■ RECORDS TO PROCESS
####################

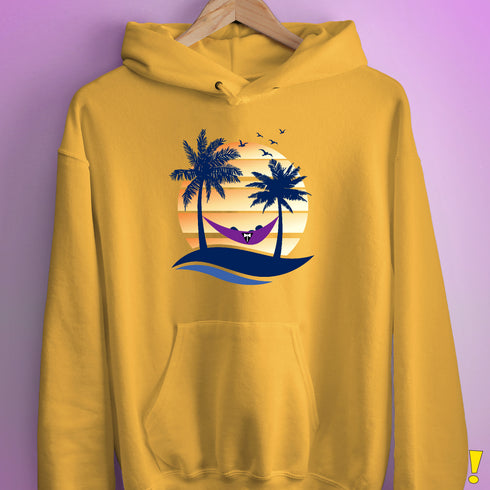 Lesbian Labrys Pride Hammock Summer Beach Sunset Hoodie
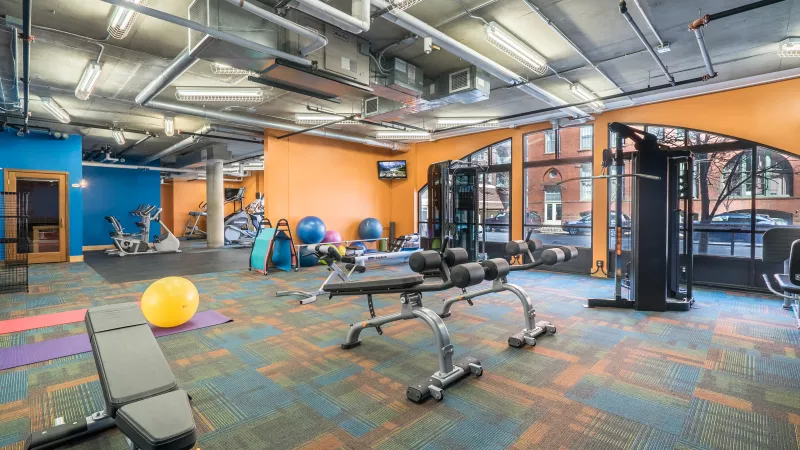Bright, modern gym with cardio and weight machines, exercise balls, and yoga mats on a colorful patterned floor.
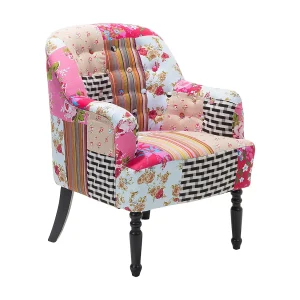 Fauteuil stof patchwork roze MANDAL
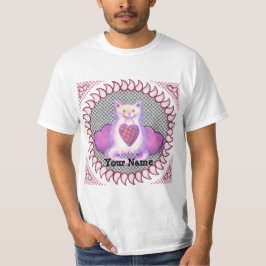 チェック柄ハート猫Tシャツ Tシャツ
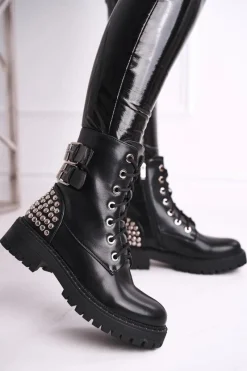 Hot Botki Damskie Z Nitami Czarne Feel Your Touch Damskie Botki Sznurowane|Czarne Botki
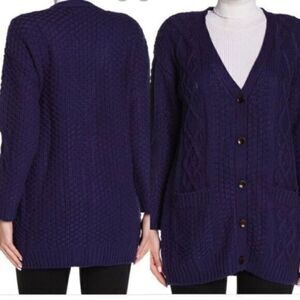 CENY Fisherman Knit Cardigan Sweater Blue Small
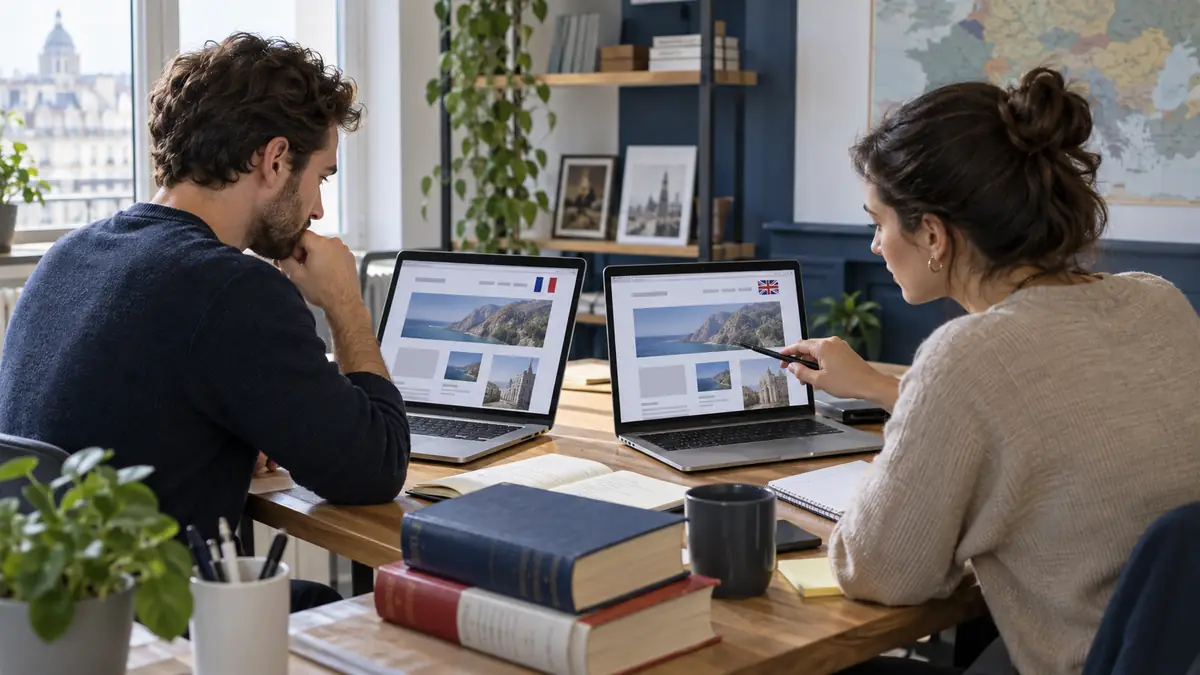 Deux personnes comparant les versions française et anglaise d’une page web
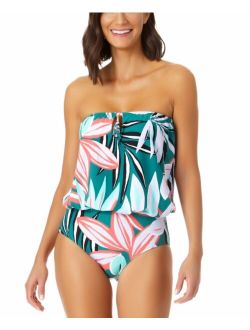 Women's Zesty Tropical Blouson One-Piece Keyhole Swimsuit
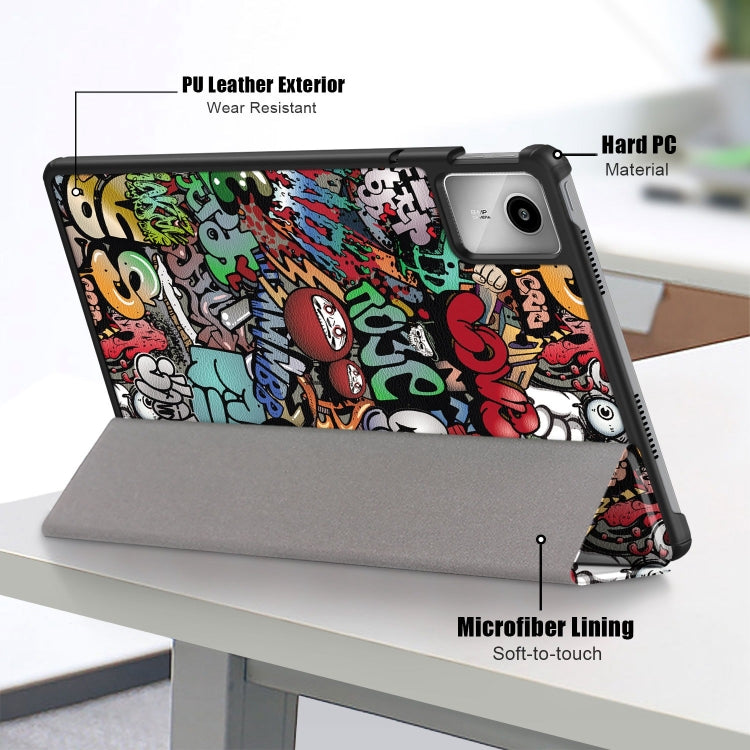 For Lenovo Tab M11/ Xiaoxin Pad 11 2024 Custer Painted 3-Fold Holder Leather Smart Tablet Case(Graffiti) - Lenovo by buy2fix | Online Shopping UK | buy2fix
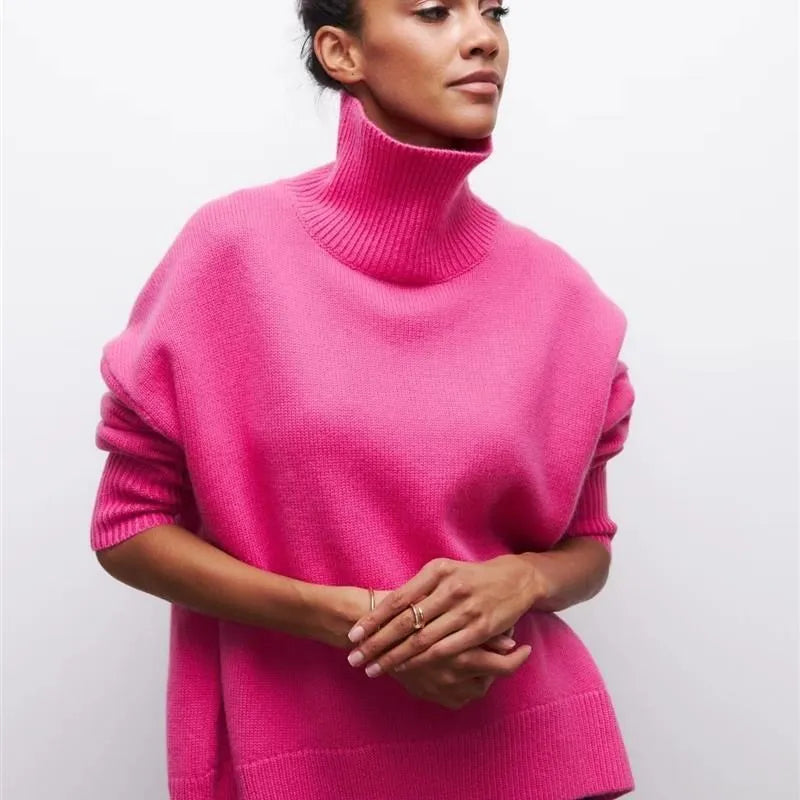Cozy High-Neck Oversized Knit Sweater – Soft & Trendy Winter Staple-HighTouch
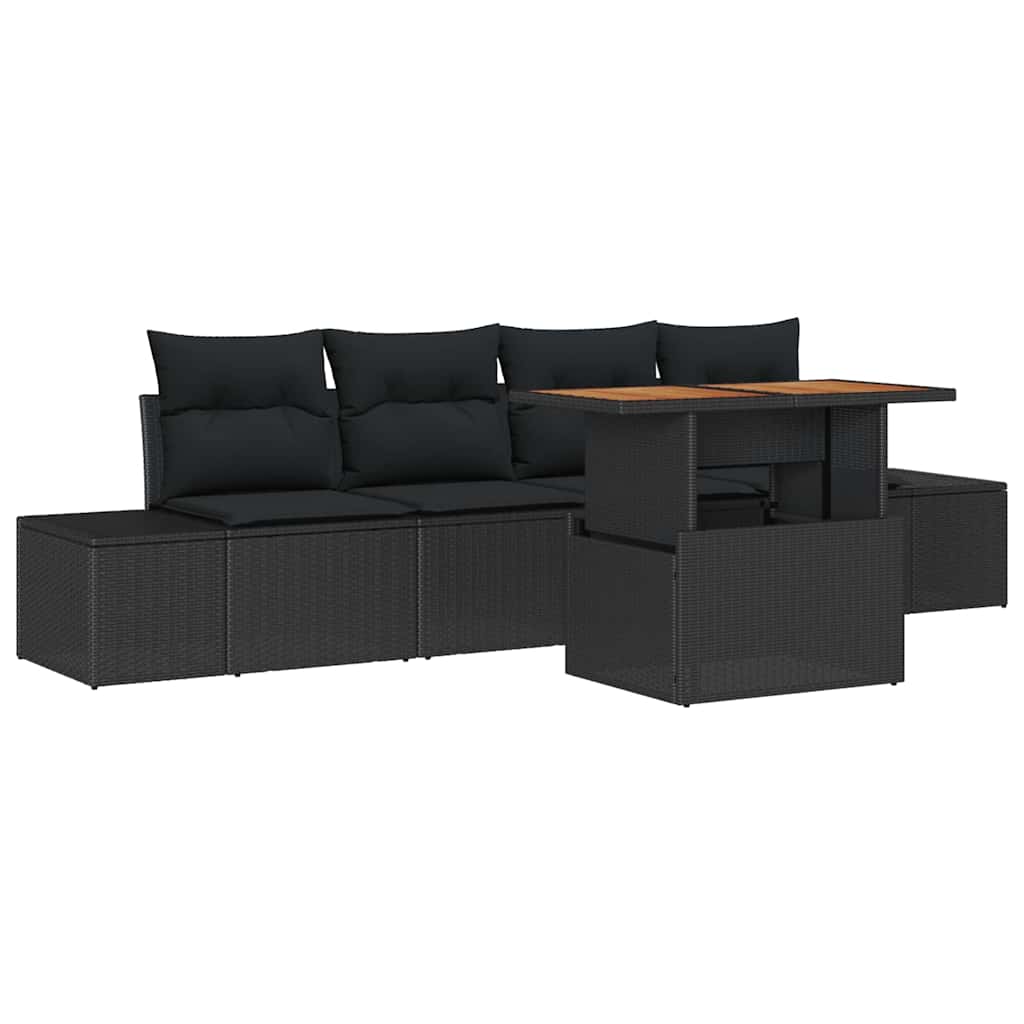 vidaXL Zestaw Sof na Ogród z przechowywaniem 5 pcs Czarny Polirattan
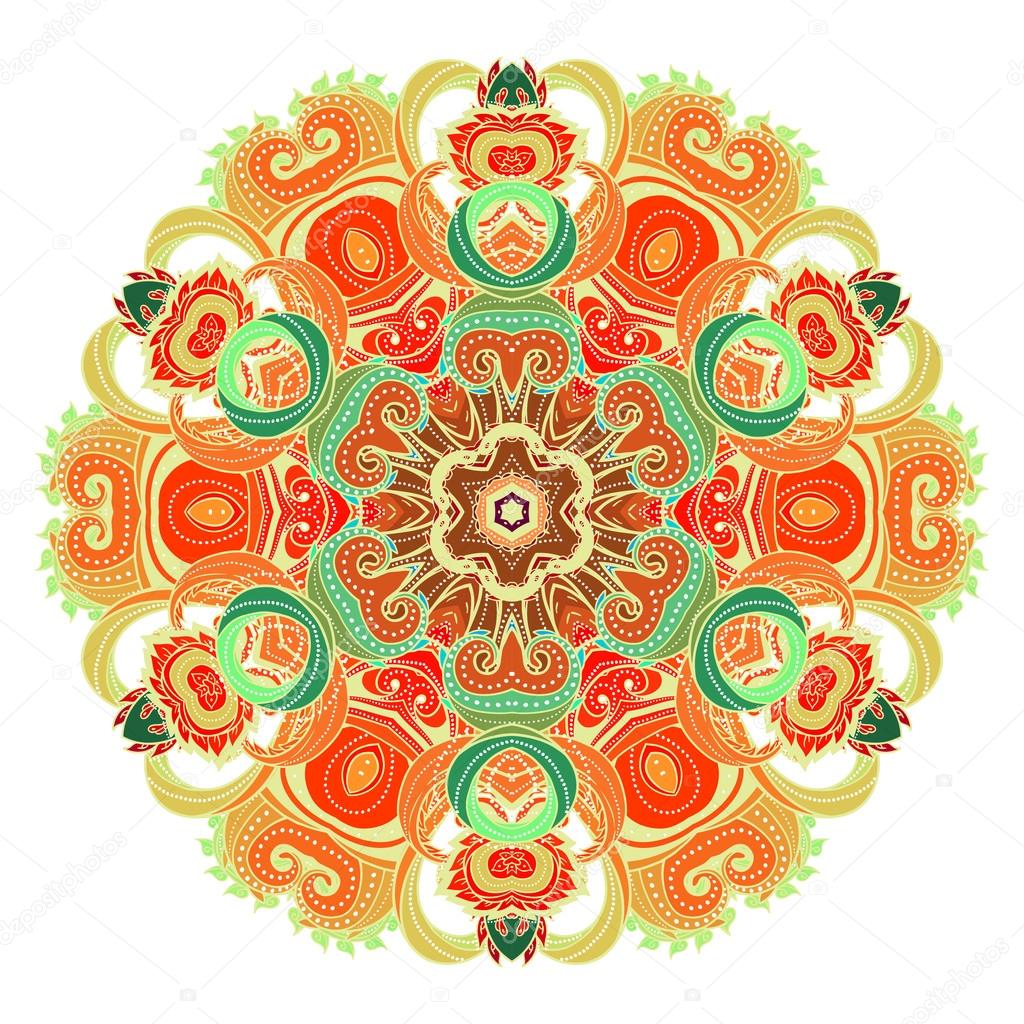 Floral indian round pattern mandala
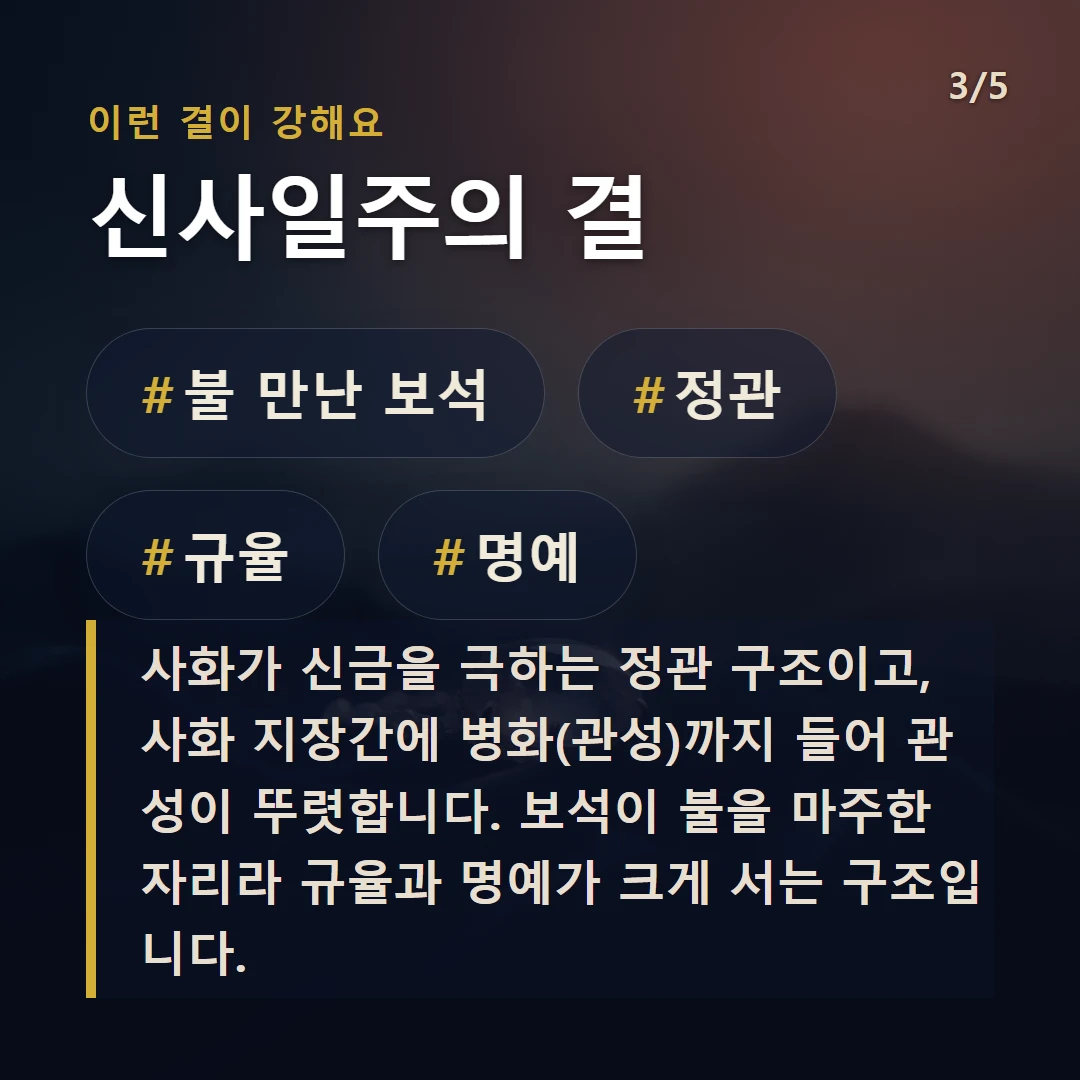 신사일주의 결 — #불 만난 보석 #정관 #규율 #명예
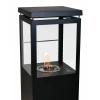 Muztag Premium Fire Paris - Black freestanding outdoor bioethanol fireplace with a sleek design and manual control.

####################

■ EXERCISE OBJECTIVE
The result should be a verbatim copy of the data, free of pictures.

■ TASK ANSWER
 Lesbian Labrys Pride Hammock Summer Beach Sunset Hoodie
Bright, modern gym with cardio and weight machines, exercise balls, and yoga mats on a colorful patterned floor.
 Fauteuil stof patchwork roze MANDAL
 チェック柄ハート猫Tシャツ Tシャツ
 Hot Botki Damskie Z Nitami Czarne Feel Your Touch Damskie Botki Sznurowane|Czarne Botki
 CENY Fisherman Knit Cardigan Sweater Blue Small
 Deux personnes comparant les versions française et anglaise d’une page web
 Women's Zesty Tropical Blouson One-Piece Keyhole Swimsuit
 For Lenovo Tab M11/ Xiaoxin Pad 11 2024 Custer Painted 3-Fold Holder Leather Smart Tablet Case(Graffiti) - Lenovo by buy2fix | Online Shopping UK | buy2fix
Cozy High-Neck Oversized Knit Sweater – Soft & Trendy Winter Staple-HighTouch
 vidaXL Zestaw Sof na Ogród z przechowywaniem 5 pcs Czarny Polirattan
 Floral indian round pattern mandala
 신사일주의 결 — #불 만난 보석 #정관 #규율 #명예
 Muztag Premium Fire Paris - Black freestanding outdoor bioethanol fireplace with a sleek design and manual control.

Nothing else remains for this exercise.